(Provided data):
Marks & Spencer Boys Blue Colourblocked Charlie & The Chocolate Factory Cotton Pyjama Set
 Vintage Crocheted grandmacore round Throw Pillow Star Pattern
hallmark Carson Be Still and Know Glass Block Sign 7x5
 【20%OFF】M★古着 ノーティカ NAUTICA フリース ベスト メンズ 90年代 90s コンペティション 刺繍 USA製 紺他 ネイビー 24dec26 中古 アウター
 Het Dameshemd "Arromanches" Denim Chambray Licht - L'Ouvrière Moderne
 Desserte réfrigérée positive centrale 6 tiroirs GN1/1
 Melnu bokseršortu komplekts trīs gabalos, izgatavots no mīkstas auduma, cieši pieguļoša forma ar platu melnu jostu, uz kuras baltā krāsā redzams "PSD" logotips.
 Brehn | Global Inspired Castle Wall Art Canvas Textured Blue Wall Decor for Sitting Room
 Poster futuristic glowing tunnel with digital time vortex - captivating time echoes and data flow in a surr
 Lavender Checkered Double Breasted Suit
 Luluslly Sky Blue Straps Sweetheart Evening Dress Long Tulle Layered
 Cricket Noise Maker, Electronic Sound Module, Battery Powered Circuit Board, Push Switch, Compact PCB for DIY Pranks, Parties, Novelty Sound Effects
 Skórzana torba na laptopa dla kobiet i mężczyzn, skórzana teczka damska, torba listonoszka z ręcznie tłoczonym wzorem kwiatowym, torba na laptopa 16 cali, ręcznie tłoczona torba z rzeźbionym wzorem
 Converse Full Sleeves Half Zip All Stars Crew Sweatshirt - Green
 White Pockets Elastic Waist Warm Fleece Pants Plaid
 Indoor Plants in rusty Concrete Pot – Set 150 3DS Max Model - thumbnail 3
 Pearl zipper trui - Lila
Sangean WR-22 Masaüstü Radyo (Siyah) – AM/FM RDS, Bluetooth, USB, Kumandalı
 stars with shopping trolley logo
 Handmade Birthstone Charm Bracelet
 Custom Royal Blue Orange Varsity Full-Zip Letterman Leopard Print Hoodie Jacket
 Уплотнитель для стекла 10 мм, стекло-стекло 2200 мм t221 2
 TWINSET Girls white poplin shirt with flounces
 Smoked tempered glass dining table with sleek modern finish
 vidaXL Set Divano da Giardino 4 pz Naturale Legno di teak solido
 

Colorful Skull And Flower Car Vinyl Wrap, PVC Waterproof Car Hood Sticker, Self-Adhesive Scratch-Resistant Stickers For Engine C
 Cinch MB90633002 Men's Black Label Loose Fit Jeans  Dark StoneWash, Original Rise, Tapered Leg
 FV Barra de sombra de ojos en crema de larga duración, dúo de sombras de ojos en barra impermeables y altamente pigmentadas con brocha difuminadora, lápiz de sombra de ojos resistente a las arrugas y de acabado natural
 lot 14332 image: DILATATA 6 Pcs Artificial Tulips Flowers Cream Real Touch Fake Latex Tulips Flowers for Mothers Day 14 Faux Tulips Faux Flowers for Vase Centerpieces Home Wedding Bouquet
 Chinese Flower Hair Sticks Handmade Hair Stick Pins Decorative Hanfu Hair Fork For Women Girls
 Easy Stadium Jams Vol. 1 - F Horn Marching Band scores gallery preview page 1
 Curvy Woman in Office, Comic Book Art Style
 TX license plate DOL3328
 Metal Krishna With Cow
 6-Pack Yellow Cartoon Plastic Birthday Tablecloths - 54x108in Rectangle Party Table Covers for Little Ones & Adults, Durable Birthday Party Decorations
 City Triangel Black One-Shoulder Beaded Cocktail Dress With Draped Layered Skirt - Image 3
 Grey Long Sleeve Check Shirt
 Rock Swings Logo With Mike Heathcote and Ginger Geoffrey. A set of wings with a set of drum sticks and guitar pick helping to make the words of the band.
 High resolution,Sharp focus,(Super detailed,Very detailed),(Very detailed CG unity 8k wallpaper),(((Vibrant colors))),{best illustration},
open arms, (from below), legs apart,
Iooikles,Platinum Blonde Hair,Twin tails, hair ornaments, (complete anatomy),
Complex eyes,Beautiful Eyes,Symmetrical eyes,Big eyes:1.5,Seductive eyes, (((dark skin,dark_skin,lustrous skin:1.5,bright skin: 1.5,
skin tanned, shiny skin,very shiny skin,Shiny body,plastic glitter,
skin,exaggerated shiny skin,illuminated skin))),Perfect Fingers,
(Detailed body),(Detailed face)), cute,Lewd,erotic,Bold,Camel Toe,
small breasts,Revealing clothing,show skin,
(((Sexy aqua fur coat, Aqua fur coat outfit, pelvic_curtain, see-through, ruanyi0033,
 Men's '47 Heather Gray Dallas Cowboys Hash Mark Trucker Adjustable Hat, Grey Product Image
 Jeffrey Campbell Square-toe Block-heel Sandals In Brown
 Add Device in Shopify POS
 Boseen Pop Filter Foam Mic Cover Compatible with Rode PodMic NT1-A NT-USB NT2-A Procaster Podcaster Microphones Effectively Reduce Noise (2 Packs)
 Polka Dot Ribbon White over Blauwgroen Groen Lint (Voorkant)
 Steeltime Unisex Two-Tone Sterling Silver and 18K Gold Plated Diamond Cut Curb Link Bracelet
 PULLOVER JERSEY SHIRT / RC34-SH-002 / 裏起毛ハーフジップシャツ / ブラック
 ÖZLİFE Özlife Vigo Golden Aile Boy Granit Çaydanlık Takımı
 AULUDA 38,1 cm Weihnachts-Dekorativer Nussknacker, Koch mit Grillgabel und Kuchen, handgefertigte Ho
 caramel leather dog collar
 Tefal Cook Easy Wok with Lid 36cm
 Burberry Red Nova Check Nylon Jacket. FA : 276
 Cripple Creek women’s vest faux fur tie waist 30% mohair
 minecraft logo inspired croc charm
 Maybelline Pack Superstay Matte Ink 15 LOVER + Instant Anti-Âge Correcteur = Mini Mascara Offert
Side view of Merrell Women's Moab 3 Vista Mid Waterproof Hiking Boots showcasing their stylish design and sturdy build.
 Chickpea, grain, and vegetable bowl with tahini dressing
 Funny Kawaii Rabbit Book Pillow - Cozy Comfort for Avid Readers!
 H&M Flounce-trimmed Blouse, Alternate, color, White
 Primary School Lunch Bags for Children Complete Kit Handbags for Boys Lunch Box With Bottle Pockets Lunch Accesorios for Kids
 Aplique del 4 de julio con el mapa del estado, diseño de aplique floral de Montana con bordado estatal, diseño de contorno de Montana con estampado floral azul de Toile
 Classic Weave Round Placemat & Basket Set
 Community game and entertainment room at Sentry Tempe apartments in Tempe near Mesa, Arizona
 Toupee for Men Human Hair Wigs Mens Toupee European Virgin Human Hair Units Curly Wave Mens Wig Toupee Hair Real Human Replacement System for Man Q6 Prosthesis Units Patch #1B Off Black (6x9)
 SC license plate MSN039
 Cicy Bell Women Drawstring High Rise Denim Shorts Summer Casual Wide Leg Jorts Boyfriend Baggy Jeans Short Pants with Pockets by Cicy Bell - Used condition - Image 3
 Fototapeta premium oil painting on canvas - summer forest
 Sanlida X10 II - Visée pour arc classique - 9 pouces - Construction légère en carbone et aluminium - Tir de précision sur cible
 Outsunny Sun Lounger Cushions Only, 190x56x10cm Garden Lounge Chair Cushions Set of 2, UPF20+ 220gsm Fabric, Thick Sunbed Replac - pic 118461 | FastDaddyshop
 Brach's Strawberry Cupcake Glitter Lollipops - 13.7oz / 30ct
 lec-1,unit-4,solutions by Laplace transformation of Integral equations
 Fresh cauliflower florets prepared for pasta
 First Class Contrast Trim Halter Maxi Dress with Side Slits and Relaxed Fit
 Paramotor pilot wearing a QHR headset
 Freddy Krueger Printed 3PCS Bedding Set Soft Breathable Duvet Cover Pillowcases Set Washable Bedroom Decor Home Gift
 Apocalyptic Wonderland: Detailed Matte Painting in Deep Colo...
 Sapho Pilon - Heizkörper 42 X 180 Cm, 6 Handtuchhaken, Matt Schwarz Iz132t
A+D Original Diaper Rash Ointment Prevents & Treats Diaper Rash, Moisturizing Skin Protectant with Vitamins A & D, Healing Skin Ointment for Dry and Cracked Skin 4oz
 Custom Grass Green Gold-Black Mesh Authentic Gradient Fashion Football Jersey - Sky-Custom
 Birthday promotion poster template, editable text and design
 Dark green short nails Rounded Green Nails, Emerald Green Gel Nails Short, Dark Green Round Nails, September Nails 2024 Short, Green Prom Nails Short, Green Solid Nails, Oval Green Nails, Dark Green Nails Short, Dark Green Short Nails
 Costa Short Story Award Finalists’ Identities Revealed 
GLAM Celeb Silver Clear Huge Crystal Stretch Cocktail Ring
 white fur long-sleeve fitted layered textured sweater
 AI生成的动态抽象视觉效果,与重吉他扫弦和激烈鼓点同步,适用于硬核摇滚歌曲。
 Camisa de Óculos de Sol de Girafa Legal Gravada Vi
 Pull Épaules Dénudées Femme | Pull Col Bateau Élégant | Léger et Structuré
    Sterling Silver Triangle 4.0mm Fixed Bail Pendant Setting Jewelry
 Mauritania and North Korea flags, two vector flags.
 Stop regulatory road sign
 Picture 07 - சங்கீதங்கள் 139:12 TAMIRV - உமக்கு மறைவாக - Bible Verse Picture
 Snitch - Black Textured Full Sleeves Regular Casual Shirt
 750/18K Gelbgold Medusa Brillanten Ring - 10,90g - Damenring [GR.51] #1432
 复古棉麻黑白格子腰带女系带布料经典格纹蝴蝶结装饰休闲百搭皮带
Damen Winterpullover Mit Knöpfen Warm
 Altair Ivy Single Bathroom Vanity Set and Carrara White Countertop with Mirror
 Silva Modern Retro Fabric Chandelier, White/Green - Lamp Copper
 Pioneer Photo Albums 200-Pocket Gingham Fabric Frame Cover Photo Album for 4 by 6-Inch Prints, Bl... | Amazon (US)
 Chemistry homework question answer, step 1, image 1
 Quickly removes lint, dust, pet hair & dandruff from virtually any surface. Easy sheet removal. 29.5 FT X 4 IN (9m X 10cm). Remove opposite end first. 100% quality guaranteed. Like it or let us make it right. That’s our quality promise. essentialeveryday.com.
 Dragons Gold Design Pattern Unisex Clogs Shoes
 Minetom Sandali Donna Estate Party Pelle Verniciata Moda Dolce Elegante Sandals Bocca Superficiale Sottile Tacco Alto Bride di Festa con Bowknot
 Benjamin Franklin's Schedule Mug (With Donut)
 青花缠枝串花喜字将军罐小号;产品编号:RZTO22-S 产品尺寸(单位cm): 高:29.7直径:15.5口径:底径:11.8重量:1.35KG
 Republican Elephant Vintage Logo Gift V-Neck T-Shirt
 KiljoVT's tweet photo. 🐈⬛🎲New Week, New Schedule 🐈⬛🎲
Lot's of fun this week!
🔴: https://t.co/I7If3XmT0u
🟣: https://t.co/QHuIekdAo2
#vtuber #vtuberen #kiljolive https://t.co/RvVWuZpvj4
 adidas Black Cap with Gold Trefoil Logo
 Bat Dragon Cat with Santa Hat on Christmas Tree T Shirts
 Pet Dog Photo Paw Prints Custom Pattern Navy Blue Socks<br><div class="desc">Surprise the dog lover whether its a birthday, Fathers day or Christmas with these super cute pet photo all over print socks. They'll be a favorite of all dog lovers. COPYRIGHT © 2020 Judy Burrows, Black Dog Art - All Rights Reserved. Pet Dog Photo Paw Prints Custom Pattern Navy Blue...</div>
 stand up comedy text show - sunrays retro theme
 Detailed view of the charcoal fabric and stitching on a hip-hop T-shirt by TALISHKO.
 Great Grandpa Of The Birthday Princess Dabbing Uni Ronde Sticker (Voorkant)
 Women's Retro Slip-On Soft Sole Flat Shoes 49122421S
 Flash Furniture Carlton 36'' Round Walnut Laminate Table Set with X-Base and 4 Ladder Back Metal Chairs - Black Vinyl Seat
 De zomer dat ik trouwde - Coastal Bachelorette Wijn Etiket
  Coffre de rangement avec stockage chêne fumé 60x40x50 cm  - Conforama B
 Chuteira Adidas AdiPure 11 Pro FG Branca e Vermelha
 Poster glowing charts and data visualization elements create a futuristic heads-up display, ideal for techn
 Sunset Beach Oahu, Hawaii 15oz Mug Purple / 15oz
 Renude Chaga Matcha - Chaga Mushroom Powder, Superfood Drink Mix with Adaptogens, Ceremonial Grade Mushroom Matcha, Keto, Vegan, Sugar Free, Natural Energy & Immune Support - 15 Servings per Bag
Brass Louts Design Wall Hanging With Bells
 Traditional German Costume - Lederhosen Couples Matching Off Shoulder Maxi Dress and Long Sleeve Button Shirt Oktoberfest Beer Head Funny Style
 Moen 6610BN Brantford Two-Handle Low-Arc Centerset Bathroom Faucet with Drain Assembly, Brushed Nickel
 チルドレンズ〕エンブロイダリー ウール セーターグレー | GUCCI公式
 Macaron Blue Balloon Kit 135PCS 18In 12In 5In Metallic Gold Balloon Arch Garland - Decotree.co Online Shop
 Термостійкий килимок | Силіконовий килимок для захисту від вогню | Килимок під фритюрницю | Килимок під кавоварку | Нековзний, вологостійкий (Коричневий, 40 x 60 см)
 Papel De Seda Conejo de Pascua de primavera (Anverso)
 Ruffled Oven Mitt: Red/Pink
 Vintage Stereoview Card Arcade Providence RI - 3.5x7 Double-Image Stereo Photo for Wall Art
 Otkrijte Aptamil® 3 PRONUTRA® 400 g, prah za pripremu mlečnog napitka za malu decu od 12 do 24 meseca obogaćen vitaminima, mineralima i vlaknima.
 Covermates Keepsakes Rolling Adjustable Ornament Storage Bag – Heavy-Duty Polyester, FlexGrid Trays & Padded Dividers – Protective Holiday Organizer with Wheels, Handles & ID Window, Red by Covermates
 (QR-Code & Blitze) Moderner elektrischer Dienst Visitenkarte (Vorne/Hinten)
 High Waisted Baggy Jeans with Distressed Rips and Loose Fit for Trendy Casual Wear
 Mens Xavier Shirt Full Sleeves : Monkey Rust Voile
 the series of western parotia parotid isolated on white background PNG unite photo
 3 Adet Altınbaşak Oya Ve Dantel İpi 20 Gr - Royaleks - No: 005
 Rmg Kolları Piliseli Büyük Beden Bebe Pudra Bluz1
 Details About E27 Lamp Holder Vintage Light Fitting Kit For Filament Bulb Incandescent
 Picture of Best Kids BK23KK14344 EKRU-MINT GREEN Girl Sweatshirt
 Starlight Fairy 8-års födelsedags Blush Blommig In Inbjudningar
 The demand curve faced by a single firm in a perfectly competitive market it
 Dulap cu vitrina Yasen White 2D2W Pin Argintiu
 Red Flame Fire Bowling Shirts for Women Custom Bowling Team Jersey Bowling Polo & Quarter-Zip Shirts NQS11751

(Goal of the exercise):
Only the lines from the one containing "Mens Xavier Shirt" through the end of the material should be reproduced, exactly, with both ends included.

(Reply):
 Mens Xavier Shirt Full Sleeves : Monkey Rust Voile
 the series of western parotia parotid isolated on white background PNG unite photo
 3 Adet Altınbaşak Oya Ve Dantel İpi 20 Gr - Royaleks - No: 005
 Rmg Kolları Piliseli Büyük Beden Bebe Pudra Bluz1
 Details About E27 Lamp Holder Vintage Light Fitting Kit For Filament Bulb Incandescent
 Picture of Best Kids BK23KK14344 EKRU-MINT GREEN Girl Sweatshirt
 Starlight Fairy 8-års födelsedags Blush Blommig In Inbjudningar
 The demand curve faced by a single firm in a perfectly competitive market it
 Dulap cu vitrina Yasen White 2D2W Pin Argintiu
 Red Flame Fire Bowling Shirts for Women Custom Bowling Team Jersey Bowling Polo & Quarter-Zip Shirts NQS11751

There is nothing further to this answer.